3.1 Universal Sentence Encoder

Here we describe the transfer learning based algorithm we used to extract features for performing author profiling, which is called Universal Sentence Encoder (USE) [3]. Although this method is not designed specifically to perform author profiling, it has certain characteristics that can be used for this task. The Universal Sentence Encoder encodes text in high-dimensional vectors so that it can be used for text classification, semantic similarity, clustering, and other natural language tasks. The model is trained in a variety of text data sources and a variety of tasks in order to dynamically accommodate a wide variety of natural language comprehension tasks. Specifically, USE has two models to encode documents in word vectors, one makes use of the architecture based on averages called Deep Averaging Network (DAN) [9], while the other is based on a convolutional neural network for document classification [11]. These architectures are detailed below for a better understanding:

  1. 1.

    Deep Averaging Network: This architecture works in three steps:

  • Average the vectors associated to a token sequence

  • Pass the average through one or more layers of a Feed Forward

  • Make the linear classification in the last layer

  1. 2.

    Convolutional Neural Network: This type of network, receives a a document as a sequence of vectors in the input layer. It applies the average sampling (average pooling) to convert the word vectors into a document vector representation of fixed length. Document vectors are obtained after averaging the word vectors through one or more feed forward layers with fully connected layers.

For this work we used a USE model trained in multiple tasks across 16 languages, including Spanish. USE receives as input a text of variable length in any of the languages in which it was trained and the output is a vector of 512 dimensions. The USE model we use is available from the TensorFlowHubFootnote 1 page and can be freely downloaded. In addition to this model, there are several versions of trained USE models with different objectives, including multilingual, size/performance and question-answer systems.

So, in our approach USE receives a 100 tweets samples for each user.
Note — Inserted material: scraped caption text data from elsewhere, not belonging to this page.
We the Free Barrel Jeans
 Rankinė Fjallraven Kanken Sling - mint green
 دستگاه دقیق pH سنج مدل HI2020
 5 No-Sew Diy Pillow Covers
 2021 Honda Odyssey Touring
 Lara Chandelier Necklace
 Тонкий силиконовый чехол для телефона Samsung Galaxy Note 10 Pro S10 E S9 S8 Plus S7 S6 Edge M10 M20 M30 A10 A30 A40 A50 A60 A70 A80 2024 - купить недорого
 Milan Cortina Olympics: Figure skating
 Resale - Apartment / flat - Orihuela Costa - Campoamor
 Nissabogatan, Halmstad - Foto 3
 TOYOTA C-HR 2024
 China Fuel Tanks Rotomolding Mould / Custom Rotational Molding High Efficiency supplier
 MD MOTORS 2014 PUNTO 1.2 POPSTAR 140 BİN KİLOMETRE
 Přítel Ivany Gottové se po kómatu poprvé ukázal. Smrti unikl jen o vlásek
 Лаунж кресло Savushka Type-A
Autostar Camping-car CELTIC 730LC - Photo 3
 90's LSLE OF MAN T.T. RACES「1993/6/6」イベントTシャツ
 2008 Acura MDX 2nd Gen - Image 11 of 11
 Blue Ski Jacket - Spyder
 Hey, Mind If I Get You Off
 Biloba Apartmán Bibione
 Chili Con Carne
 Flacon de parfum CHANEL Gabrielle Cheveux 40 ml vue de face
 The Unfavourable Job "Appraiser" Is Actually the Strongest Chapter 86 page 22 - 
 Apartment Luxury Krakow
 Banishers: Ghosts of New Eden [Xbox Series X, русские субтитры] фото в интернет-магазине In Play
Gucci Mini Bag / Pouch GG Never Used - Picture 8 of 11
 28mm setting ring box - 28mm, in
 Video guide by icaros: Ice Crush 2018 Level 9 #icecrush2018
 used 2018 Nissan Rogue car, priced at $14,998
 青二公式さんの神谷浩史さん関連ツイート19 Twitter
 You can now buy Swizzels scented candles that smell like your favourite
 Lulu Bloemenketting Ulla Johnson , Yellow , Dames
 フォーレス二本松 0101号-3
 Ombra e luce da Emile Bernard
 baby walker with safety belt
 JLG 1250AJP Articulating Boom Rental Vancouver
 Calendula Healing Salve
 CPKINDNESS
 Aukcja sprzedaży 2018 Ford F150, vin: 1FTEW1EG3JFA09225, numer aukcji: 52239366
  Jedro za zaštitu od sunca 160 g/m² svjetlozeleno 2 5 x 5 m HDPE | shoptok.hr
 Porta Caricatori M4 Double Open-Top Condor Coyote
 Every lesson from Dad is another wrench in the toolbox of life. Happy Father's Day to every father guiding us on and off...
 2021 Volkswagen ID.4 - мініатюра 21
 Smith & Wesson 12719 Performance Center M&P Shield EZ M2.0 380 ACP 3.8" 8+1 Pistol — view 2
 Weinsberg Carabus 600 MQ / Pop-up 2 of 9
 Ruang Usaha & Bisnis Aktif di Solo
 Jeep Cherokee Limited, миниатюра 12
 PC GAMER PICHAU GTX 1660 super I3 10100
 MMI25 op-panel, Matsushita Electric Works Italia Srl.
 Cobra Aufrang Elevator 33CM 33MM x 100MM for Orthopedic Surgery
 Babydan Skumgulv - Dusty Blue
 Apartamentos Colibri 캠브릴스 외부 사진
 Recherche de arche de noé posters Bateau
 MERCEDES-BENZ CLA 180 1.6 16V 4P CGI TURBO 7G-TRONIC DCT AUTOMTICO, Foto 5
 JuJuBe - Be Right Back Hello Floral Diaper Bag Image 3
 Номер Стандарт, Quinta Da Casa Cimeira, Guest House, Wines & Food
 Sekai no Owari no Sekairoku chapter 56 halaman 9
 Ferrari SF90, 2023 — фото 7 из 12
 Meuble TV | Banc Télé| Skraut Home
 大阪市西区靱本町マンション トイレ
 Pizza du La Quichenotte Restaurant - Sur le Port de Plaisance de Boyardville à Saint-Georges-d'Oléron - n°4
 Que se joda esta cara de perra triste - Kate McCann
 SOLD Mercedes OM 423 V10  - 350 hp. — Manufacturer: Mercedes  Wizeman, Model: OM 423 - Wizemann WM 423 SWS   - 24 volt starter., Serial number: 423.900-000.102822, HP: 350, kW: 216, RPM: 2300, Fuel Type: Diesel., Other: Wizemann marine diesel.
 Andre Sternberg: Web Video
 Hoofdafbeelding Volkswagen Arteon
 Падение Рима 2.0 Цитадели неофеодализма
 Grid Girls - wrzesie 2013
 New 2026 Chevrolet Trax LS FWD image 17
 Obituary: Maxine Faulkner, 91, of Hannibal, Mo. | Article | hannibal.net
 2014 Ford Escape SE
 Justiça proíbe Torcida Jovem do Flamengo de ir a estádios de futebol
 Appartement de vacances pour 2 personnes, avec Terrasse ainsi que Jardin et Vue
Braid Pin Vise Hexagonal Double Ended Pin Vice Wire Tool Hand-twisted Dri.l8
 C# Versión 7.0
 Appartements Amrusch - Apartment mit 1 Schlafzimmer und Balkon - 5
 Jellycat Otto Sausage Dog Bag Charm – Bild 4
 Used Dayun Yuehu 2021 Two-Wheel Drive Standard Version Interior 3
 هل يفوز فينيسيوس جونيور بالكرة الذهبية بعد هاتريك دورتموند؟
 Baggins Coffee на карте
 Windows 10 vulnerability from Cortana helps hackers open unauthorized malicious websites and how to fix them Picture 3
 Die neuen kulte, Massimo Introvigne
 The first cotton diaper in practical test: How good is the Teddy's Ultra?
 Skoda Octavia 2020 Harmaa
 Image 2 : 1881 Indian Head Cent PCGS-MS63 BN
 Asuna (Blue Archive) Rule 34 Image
In this way the convolutional network will transform them into a vector of 512 dimensions, using the language model that we had already learned and updating with the new textual samples from Twitter.

4 Experimental Settings and Results

In this section, we describe the experiments carried out in order to obtain the author profile of Twitter users. First, we describe the evaluation corpus, then baseline results are presented, and finally results are shown using our proposed methodology. This baseline results are obtained by the combination of the different types of features (bag or words and N-grams), trained on two classification algorithms and several preprocessing variants (without emojis, without slangs, etc.). For all baseline experiments, the TF-IDF (mentioned above) weighting scheme is used.

4.1 Corpus Description

For training and evaluating our AP approach we used the corpus of PAN2017 competition [15], which was compiled from Twitter in Spanish. Gender and age information has been provided by the users themselves based on an online questionnaire. The corpus consists of 600 users of various nationalities: Mexican, Colombian, Peruvian, Argentine, Chilean, Venezuelan. 50% are male and the other 50% female.

Gender

Authors

Tweets

Male

2100

21000

Female

2100

21000

Total

4200

42000

4.2 Experimental Settings and Results

We performed several experiments considering bag of words and character N-grams as features. For each feature set we evaluated the impact of specific preprocessing strategies. The author profiling models obtained with the different settings were evaluated in terms of F-1, precision, recall and accuracy. Table 1 shows the results obtained with the logistic regression classification algorithm. The Characteristics column indicates whether the word bag (BoW) or character N-gram (N-char) is used, the Dim column indicates the amount of features extracted and therefore features vector dimensionality. Accuracy assessment measures (STD, the standard deviation of accuracy) are computed. The Preprocessing column indicates which strategy was followed in each experiment; in this case NONE indicates that no preprocessing was performed in that experiment, without Emojis indicates that the emojis were removed, as well as URL’s, Hashtags, etc. It can be seen that the preprocessing strategy with which the best results are obtained is when user mentions are removed, which allows to infer that these are the ones that provide less information regarding the gender of the person who wrote the tweet.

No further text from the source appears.